If equity markets in 2017 were defined by historically low volatility, that trend was blown up just six weeks into 2018, as the S&P 500 lost more than 3.5 percentage points – and bounced back again – in the space of just 15 minutes. The Vix index of S&P 500 implied volatility also experienced a violent move around the same time. It finished the day at 37.32, having opened on Friday at 13.64.
It was yet another example of the intraday stress events market-makers are facing on an increasingly regular basis. For Citadel Securities, the event helped justify an overhaul of its risk management framework, implemented at the beginning of the year to cope better with these short, extreme bouts of volatility.
“As a result of the changes we implemented, we were able to spot the risk, adjust our risk budget in real time in ETFs [exchange-traded funds] and options markets,” says Frank Krepelka, head of risk and trading operations at Citadel Securities.
By being able to alter its own risk limits in real time, the firm could increase its market-making capabilities in products requiring more liquidity. Previously, it used static risk controls, which were less flexible and required a manual process for adjusting the risk budget. Moving to an automated system enables Citadel to dial up or dial down individual businesses’ risk limits in real time – such as during flash, highly volatile events – while at the same time ensuring the firm’s overall risk limit is not breached.
This change was partly inspired by the volatility of August 2015, when China devalued its currency for a second consecutive day, sending shockwaves across financial markets. Other events also contributed, including the US Treasuries flash rally in 2014 and the Swiss National Bank de-pegging event in 2015.

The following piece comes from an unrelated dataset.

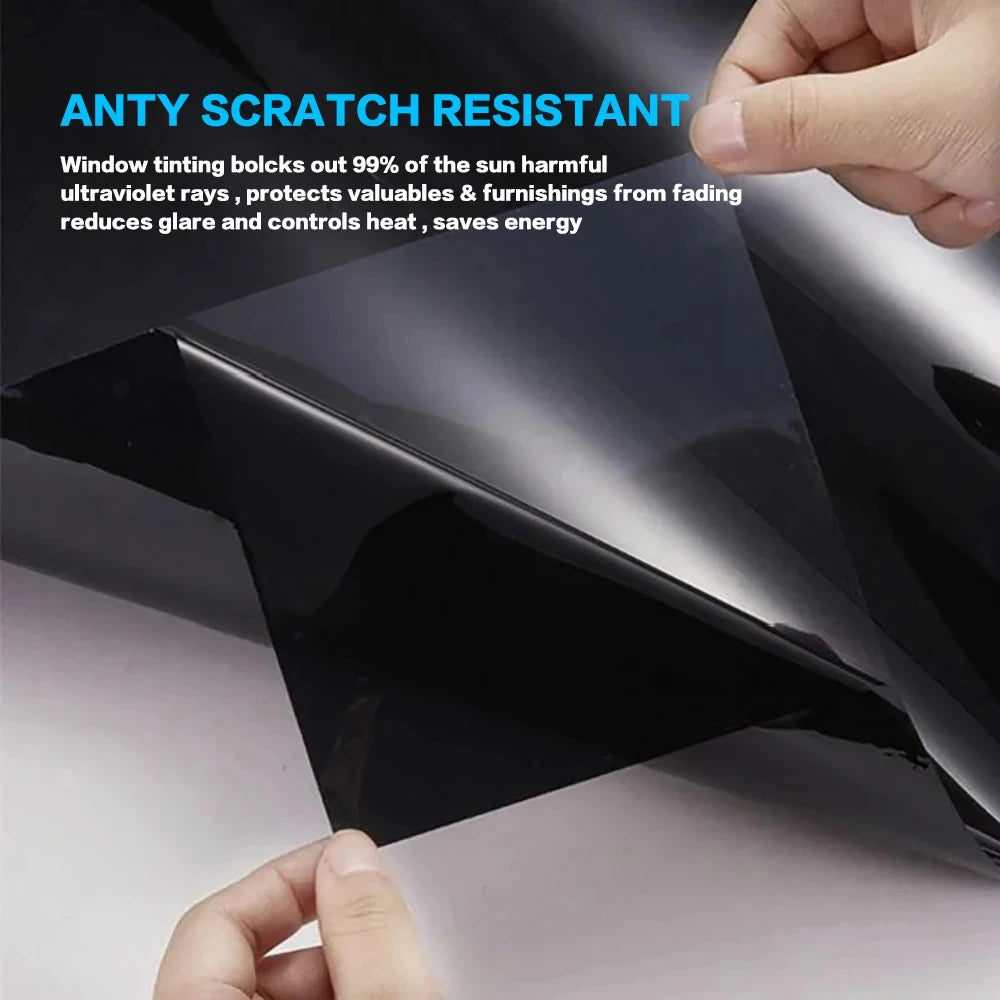 50cmx3/6m Car Window Privacy Tint Film Auto Vinyl Anti Look Dark Glass Foils Sticker Summer Solar UV Films Protector Accessories Qme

“These types of events are occurring more and more, and we really wanted to be prepared for the next one to make sure that we continue to have the risk budget in place and capacity to stay in the market no matter what happens,” says Krepelka.
Citadel also overhauled its capital management framework, which works hand-in-hand with the new market risk structure. By looking at datasets to analyse the firm’s historical use of capital, Krepelka says it has been able to take better capital forecasts for the business.
“Ordinarily in volatility ETFs, we would have certain capital usage and a certain risk usage, but during the February 5 event, we were able to reach into our buffers and add more capacity to those areas in real time, because those are the areas that were experiencing volatility,” he says.
This practice of adjusting risk and capital limits in real-time is managed by the firm’s desk supervisors and risk managers, who do this according to policies set in conjunction with the firm’s independent risk and treasury functions. The business also has an electronic trading risk management committee which helps the firm share ideas between its different market-making businesses on a monthly basis and drives the strategy for managing risks that arise with automated trading.
Citadel has been busy innovating its product offering to help consolidate its market share across US retail and institutional markets. The firm’s total market share in US equities now exceeds the 20% it had 12 months ago and the 17% it clocked two years prior.
Clients put this down, in part, to enhancements to non-marketable limit order fill rates – stock orders that are not immediately executable as they are not aggressing the current bid-offer. Typically this volume would go to the exchanges, but by going to Citadel directly, the customer is receiving a 2%–5% increase in its fill rate versus the exchange.
The market-maker has also improved the productivity of its algo offering for clients in benchmark orders, growing the number of shares executed in this manner by 36%.
One of the highlights for the firm was its direct listing of Spotify stock on the New York Stock Exchange (NYSE) on April 3. Typically, an initial public offering (IPO) will involve an underwriter and bookrunners, which gives some security on the listing and helps drum up interest in the stock.
“What was different with Spotify is the direct listing essentially eliminated the entire pre-IPO underwriting and book-building process,” says Joe Mecane, head of execution services at Citadel Securities. “In that scenario, you want someone who has the trading expertise to be able to handle that unknown, handle the stock pricing, and be able to transition the stock from the private market to the public market in one transaction.”
In this scenario, Citadel was selected to run the transition of stock from the private to the public market in one transaction – a first for the NYSE.
“This was not only the first one that has been done on the NYSE, but also the largest by far of any that has ever been done on any exchange,” says Mecane.